Na minha cidade há jardins com lagoas
apressadas entre monstros de vidro e de cimento,
onde indolentes cisnes agonizam
balançando-se na lama.
Na minha cidade há cem obscuras igrejas com as portas fechadas,
fantásticos navios varados com a sua quilha para o céu,
que se alçam altivas, como espadas
afiadas de pedra.
Na minha cidade há milhares de modestas famílias
que passeiam os seus tédios cada fim de semana
por geométricos jardins de desenho
com pérgulas de roseiras defloradas.
Na minha cidade, os miúdos, lentamente,
arrincoam a sua meninice, ensimesmados
em violentos jogos eletrónicos,
nos que matar é conseguir mais pontos.
Na minha cidade, os velhos, solitários, nunca exoram;
só leem jornais, quase sempre atrasados,
ou assobiam entre dentes melodias antigas,
que apreenderam quando ainda não se sabiam mortos.

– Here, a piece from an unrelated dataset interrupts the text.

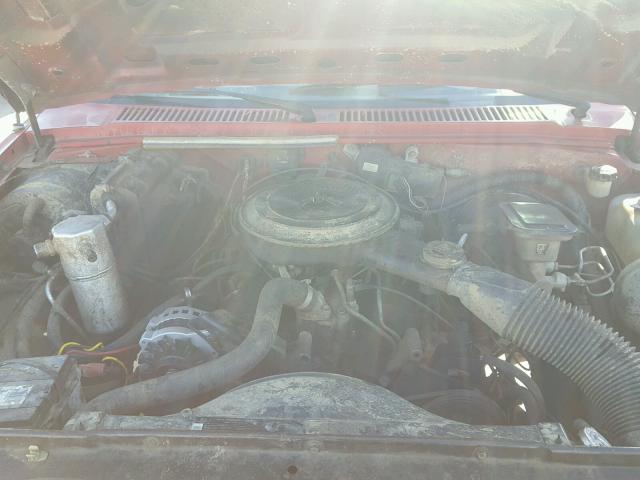 1GCCT14R6G2126929 - 1986 CHEVROLET S TRUCK S1 RED photo 7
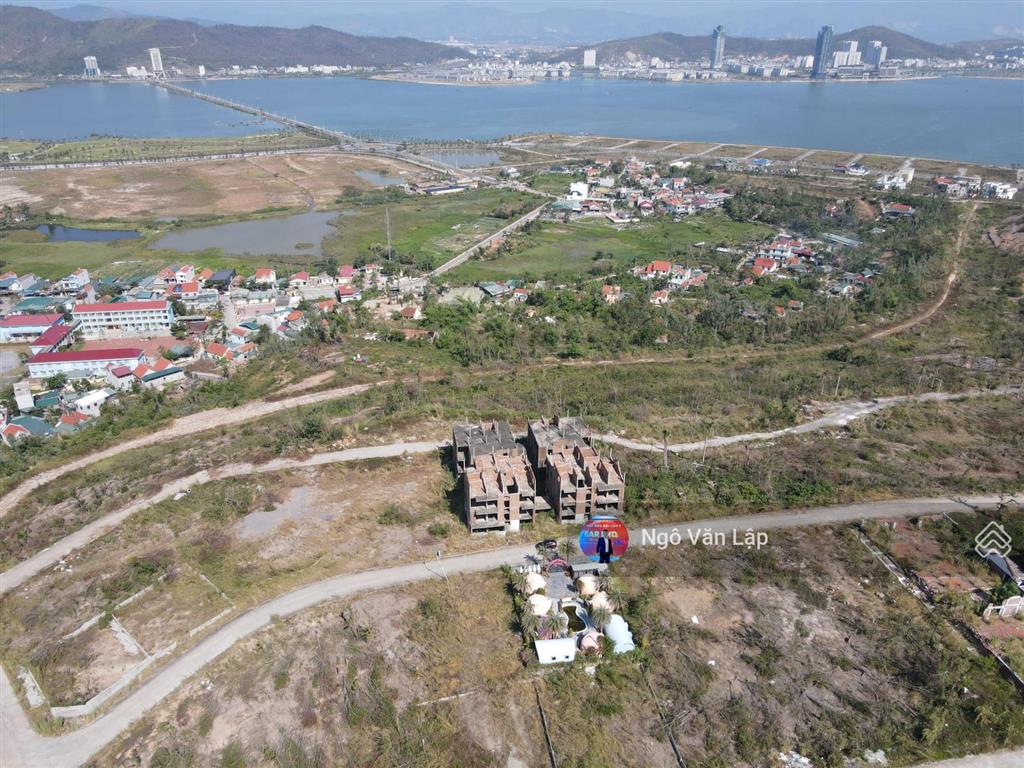 Bán lô góc biệt thự đồi tuần châu 559m2 view biển hướng đông nam, giá 31tr/m2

Na minha cidade há verdes lixeiras
repletas de precárias ilusões perdidas,
de sonhos desfeitos, de sobras de comida,
que diariamente apanha um camião limpador de consciências.

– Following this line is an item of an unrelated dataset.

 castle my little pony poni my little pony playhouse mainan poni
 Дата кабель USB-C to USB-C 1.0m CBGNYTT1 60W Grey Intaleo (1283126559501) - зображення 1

Na minha cidade, as gentes vão às pressas,
para chegarem quanto antes ao engarrafamento
e fazer soar os cláxones, e zangar-se,
porque a vida não é como eles sonharam.
Na minha cidade, as árvores, cativas em passeios
enchidos de beatas e excrementos de cão,
têm copas perfeitamente esféricas
nas que já não aninham os pássaros urbanos.
Amigo, na minha cidade não há tempo para nada;
a ânsia por chegarmos a nenhuma paragem
impede-nos de olhar a paisagem de fora.
Estamos condenados ao desterro da alma
em triste solidão mansamente cercada.